In a year fraught with emotional intensity and existential drama, the lighthearted Lotta Sea Lice, the new collaborative album by Courtney Barnett and Kurt Vile, is a welcome change of pace. Rooted in the artists’ mutual admiration, the album finds the Aussie Barnett and American Vile celebrating one another in a way that highlights increasingly revealed common ground. What began as an idea for a split single evolved into a full-length, and that evolution is on full display on Lotta Sea Lice. The duo’s piecemeal approach to recording—eight days in the studio over almost 15 months—is heard in the uneven final product, but what the album lacks in structural consistency it repays in undeniable chemistry. Lotta Sea Lice finds Barnett and Vile making it up as they go to vital results. The album’s meandering low-stakes approach projects the artists’ comfort with and confidence in each other, illuminates their process and hints at greater possibilities.

The video for the album’s opening track, “Over Everything,” encapsulates the spirit of the album succinctly. In it, Barnett and Vile stare directly at the camera and mouth the words to each other’s vocals against increasingly picturesque backdrops. Trading lyrics about writing music, listening to music and facing the day, neither can contain their smirk for very long.

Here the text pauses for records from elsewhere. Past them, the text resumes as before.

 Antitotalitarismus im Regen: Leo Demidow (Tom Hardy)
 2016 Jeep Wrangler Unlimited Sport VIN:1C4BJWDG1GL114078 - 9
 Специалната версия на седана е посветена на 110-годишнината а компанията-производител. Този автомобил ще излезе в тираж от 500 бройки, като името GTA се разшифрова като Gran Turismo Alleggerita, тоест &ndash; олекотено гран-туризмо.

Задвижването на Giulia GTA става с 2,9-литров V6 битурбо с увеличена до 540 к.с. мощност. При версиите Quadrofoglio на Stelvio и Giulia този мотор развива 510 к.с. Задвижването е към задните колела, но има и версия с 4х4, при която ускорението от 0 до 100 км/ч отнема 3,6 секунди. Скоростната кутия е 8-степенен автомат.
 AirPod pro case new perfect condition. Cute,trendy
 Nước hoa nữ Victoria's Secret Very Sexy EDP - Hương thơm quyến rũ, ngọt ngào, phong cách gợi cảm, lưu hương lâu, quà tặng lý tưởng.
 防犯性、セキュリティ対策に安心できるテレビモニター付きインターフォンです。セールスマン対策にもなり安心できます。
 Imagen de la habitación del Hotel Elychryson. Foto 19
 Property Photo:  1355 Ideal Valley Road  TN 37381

The shots widen, their figures grow smaller and their voices mingle and harmonize. While they never appear together, they are unequivocally on the same wavelength.

The track highlights recurring motifs of the album: the insular world of the artist, where it overshadows the wider world and where those worlds overlap. “When I’m all alone, on my own, by my lonesome, and there ain’t a single ‘nother soul around, I wanna dig into my guitar, bend a blues riff that hangs over everything,” Vile sings wryly.

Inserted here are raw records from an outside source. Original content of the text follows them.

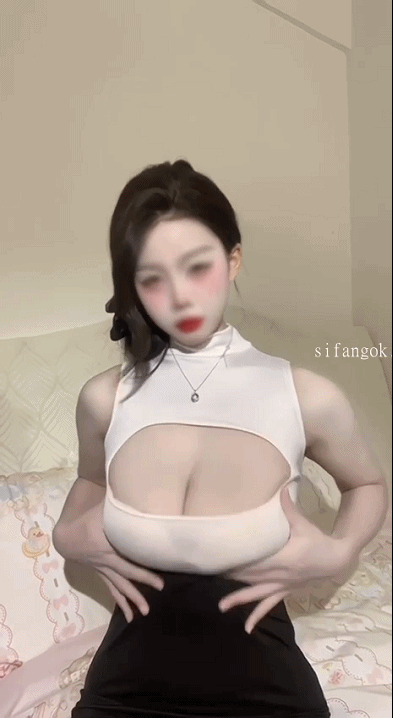 【抖音福利】巨乳大奶御姐【霉烦恼】抖巨奶骚舞诱惑【20V】【59M】 预览图 5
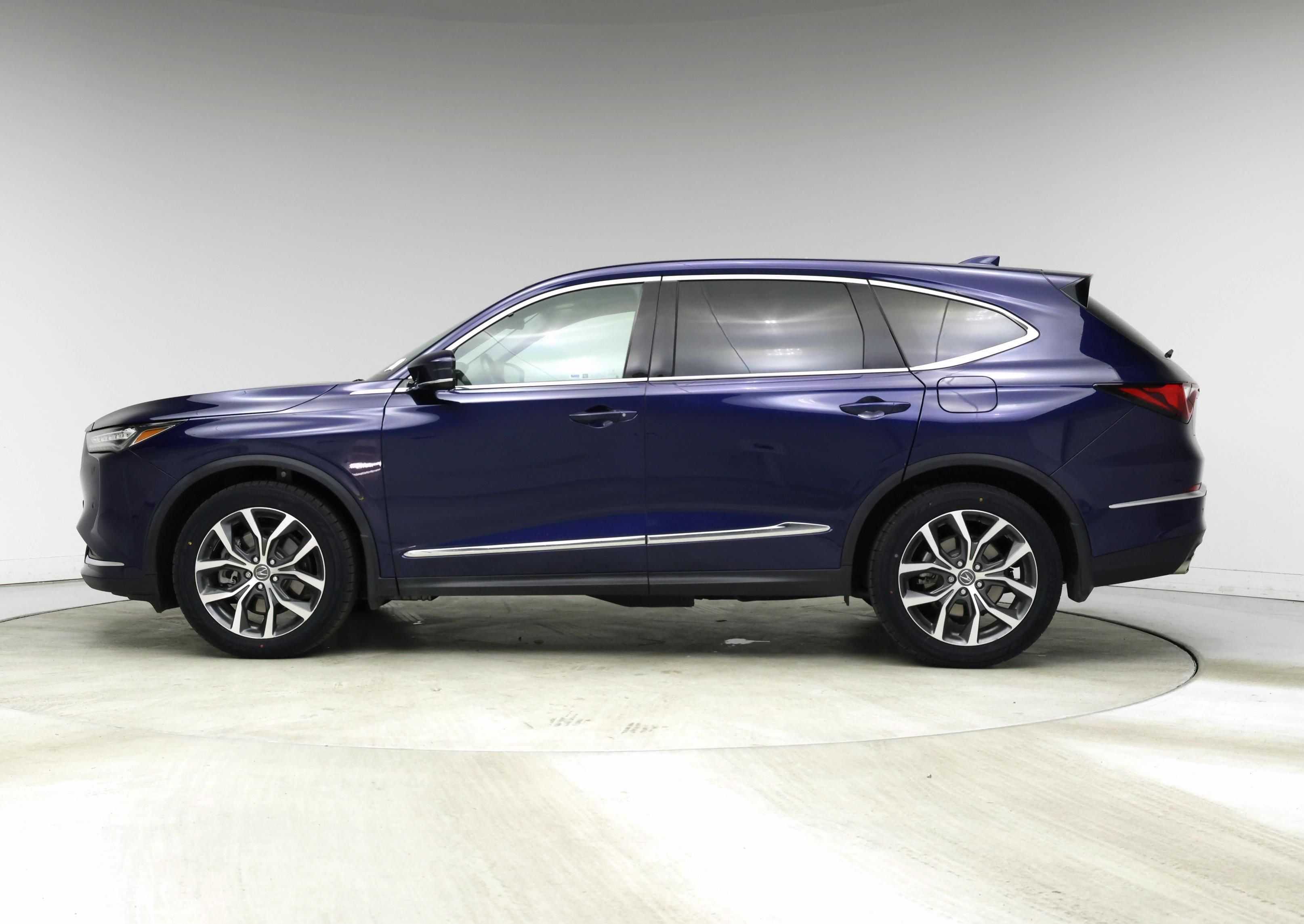 Thumbnail: 2023 Acura MDX - 3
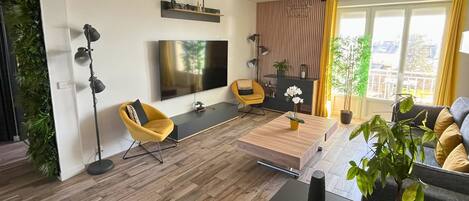 Smart TV, reproductor de DVD, libros, biblioteca de música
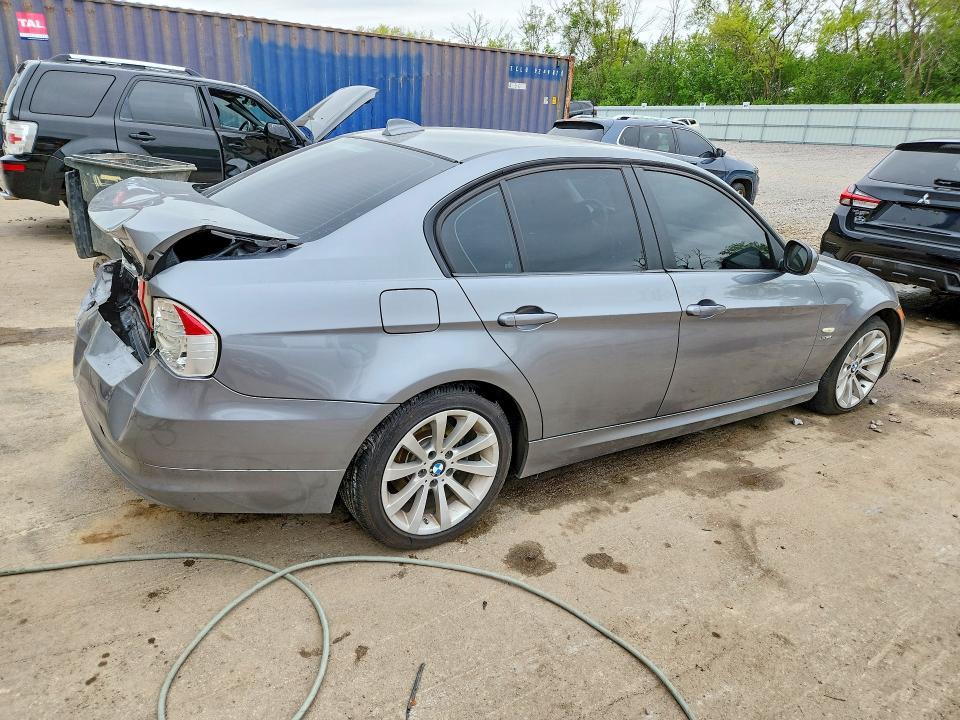2011 Bmw 328 მანქანა იყიდება აუქციონზე, vin: WBAPK5G5XBNN82005, აუქციონის ნომერი: 53240356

As a celebration of interpersonal interaction, the album places conversation, friendship, and any other artistic output on equal footing. They all, to some degree, require laying vulnerabilities bare. They all have the power to make us better understood. “I cherish my intercontinental friendships, we talk it over continental breakfast, in a hotel in east bumble wherever,” Barnett sings. “Somewhere on this sphere, around here.”

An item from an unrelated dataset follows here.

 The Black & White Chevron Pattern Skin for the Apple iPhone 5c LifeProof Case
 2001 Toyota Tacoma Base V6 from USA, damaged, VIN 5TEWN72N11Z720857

As an exploration of the creative process, they don’t undersell the associated costs of the artist’s life. Loneliness and selfishness abound, but so does optimism. Both ultimately land on confidence in their choices. The album’s highlight, “Fear is Like a Forest,” finds them exploring the logic (and inevitability) of heeding inspiration and venturing into the unknown to the exclusion of the familiar and the comforting. It is both a reflex and an act of faith. “Touch is like a tourist, you know when you are home, it’s not that I’m a purist, it’s just I’d rather be alone,” Barnett sings. The song builds to a triumphant fullness with both singing in the plainest terms on the album the rewards of the risk: “I know that it works, cause I’ve seen that it’s true, if you just let it go, it’ll come back to you.”

On Lotta Sea Lice, Barnett and Vile stake a small claim, but leave plenty of room for growth. By eschewing ambition in favor of intimacy, the album is both comfortable and comforting. While Barnett and Vile don’t travel far from their established sounds in their collaboration, the sum of their contributions yields fresh results. It’s easy to wish for further collaboration and even easier to envision.